Pedagogical: As the easiest-to-learn racquet sport, due to the slow, relatively high-bouncing nature of the ball and the relatively large racquet face, British Racketball should be the first step for both young and new learners. The tennis world is currently swamped with progressive learning methods for introductory tennis – and of course in squash we have our Mini-Squash – I think British Racketball is just as good.
Most of the attention in the sport psychology domain is given to advanced and elite adult players.

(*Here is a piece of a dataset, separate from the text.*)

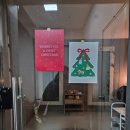 365플러스수원영화점 | 수원데이트 코스 추천 "피키노" 프라이빗영화관 P룸 후기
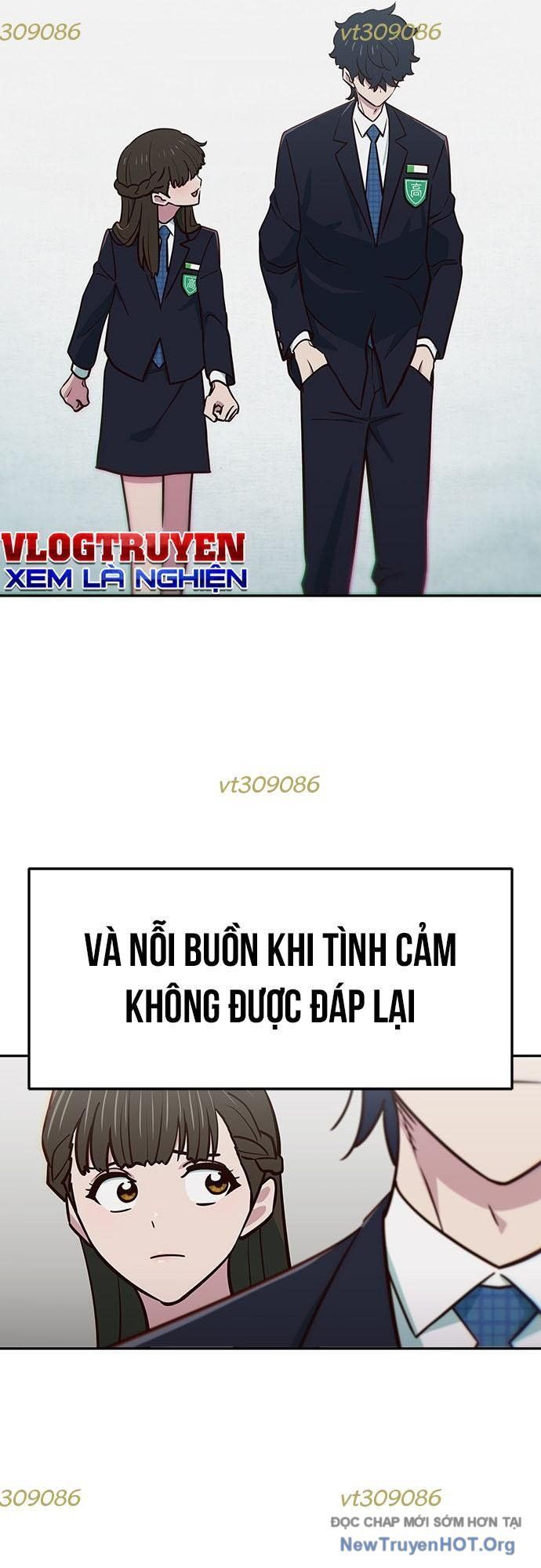 Unluck Chapter 42 - 28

In an ideal world, squash coaches would start to guide their proteges towards mental toughness at the very start of their squash lives.
In the early 1990’s I helped Tennis Canada develop mental training and sport psychology priorities for every age group in their junior tennis programs: periodized annual mental training programs to be implemented in Canadian indoor clubs for each of their junior age groups: U11, U14, U18.
At each stage of development, different psychological qualities were prioritized – for example tennis intelligence, courage, leadership, etc. In effect what we did was develop psychological specifics what we would now describe as stages of a Long Term Athlete Development Plan (LTAD).
While many of the technical and physical aspects of published LTADs are very concrete and specific, the psychological aspects tend to be general and vague – reason being that the sport scientists developing the LTADs work primarily in the areas of physiology and motor learning – not sport psychology!
Here is a link to great example of mental training for beginning tennis players – which will apply 100% to beginning squash players – thanks International Tennis Federation (ITF)!
Currently, most Squash Coaching Education programs are organized based on a hierarchy of technique:
Level 1 Coaching Course – coaches learn how to teach the basic shots.
Level 2 Coaching Course – coaches learn how to teach the intermediate shots.
Level 3 Coaching Course – coaches learn how to teach advanced shots.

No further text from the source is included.